L’automne est pour moi la saison des naissances, mes trois enfants y sont venus au monde. L’automne, je plussoie.
L’ensoleillement diminue ? Je fais des étoiles de mère, je ne me mets pas en pause, je surenchéris. Mon grand en a visiblement pris de la graine, qui m’a faite grand-mère pour Samain. C’est notre façon de nous préparer à l’hiver.
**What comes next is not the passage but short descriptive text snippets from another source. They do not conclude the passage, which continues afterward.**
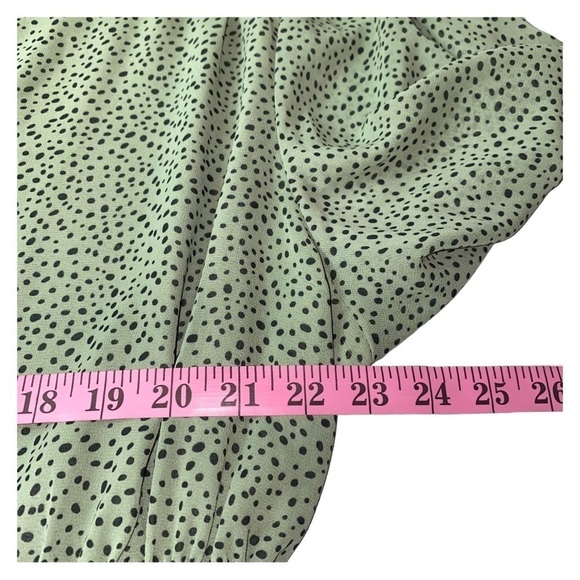 Ellos Plus Size Midi length long sleeve sage green w/black‎ dots print dress - Picture 7 of 9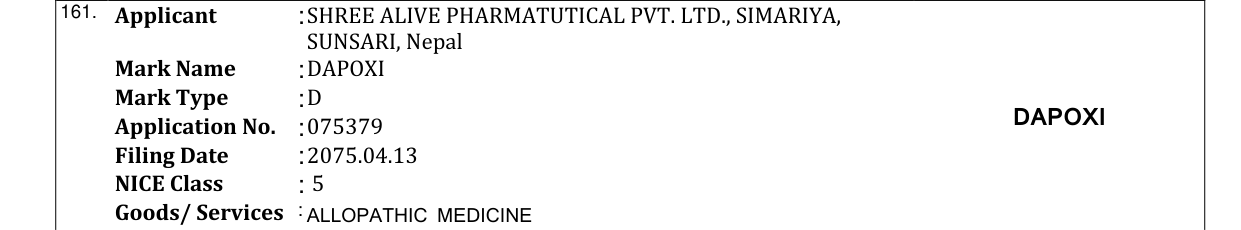 Original bulletin entry for DAPOXI
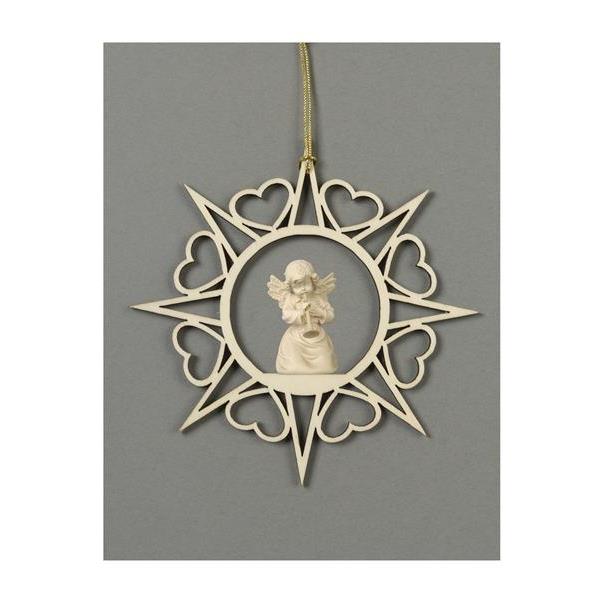 Star with hearts-Bell angel with trumpet - natural wood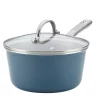 Flash Sale 🔔 Ayesha Curry Home Collection 3 Qt. Aluminum Nonstick Sauce Pan In Twilight Teal With Glass Lid 😀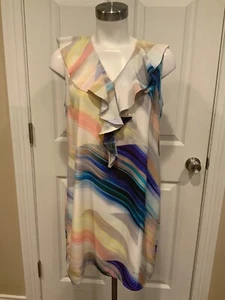 Amanda Uprichard Multicolor Striped V-Neck Silk Shift Dress W/ Ruffle, Size M - Picture 1 of 6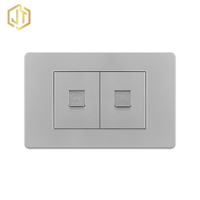 Prise murale réseau pour bureau à domicile avec double port informatique (RJ45) et port téléphonique (RJ11) en verre/PC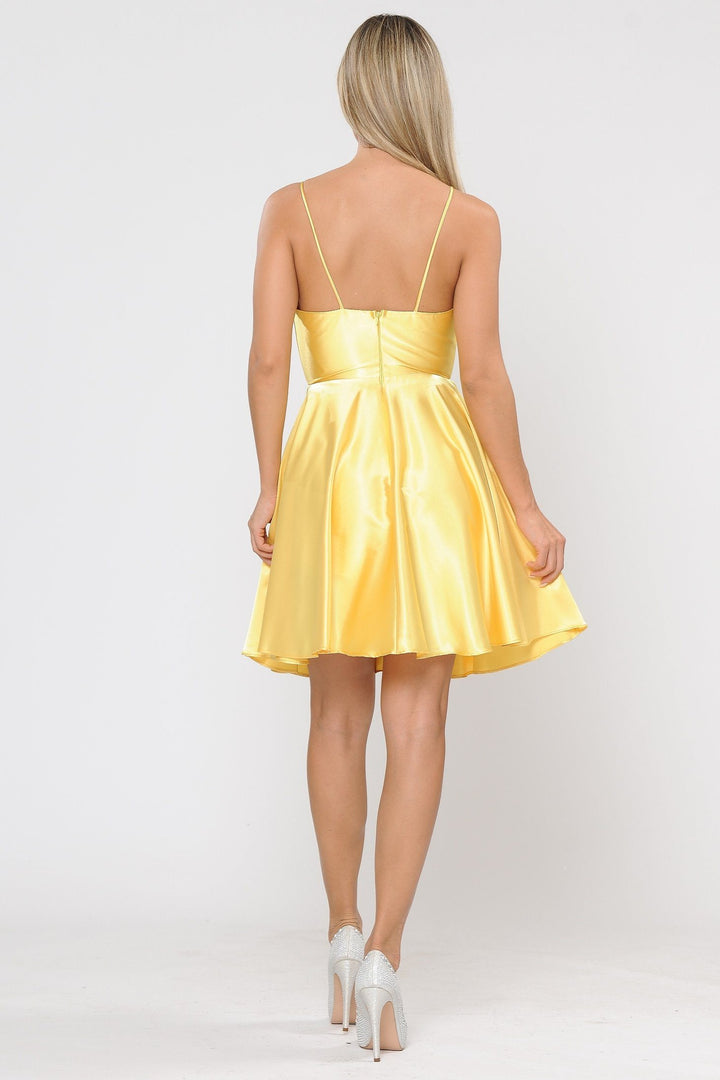 Short V-Neck Wrap Dress with Shorts by Poly USA 8544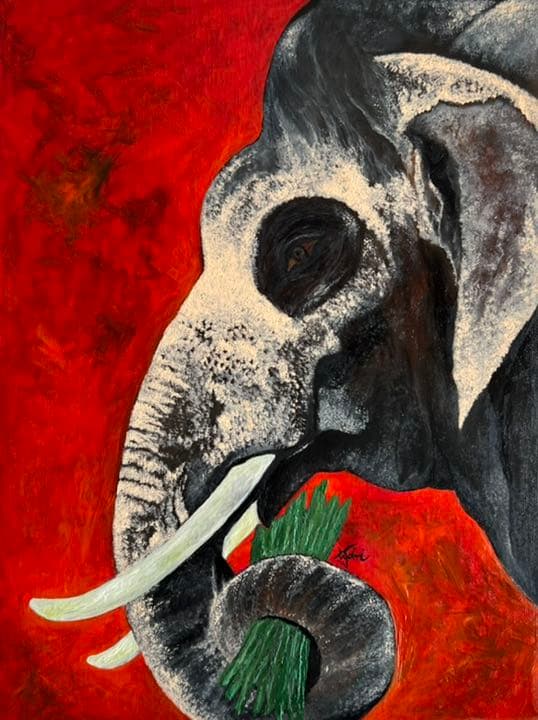 絵画  ｜手描き｜油絵 ｜オリジナル ｜象 ｜ELEPHANT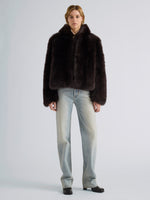 Proenza Schouler Front full length image of model wearing Michelle Hooded Shearling in Coffee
Je ne suis pas à feuilles caduques, je suis une arbre à oiseaux et à enfants, les miens et ceux des autres. Ce sont mes seules provisions pour la saison froide. Les mauvaises langues me soupçonneront champignon qui s’ignore, puisque c’est leur période de fructification…peu importe, à l’automne, je récolte. Je ne connais ni lettres ni feuilles mortes, l’automne reste corne d’abondance. Fille de rituel, je vois en cette saison une essence alchimiste. Et ma première petite fille ne me contredira pas, qui a choisi l’équinoxe du Peuplier Blanc pour pointer le bout de son nez métis. La force de la transformation et du perpétuel renouvellement de la vie s’est inscrite cette année encore, et j’en suis reconnaissante. C’est pourquoi je veux ici célébrer le sein des mères, la mienne et celles qui l’ont précédée. Et leur perte. Comme un rituel d’automne.

LA CHAIR ET LE LAIT
Anne Vassivière
Ronds, chauds, doubles, naissants boutons de rose pâleur,
Pointes des premiers émois anecdotiques encore,
Puis poussant tenus hauts serrés galbés de larges croisillons,
Affolants le flottant de la robe ou le maillot moulant,
Convoités, envisagés, regardés, troublants débutants.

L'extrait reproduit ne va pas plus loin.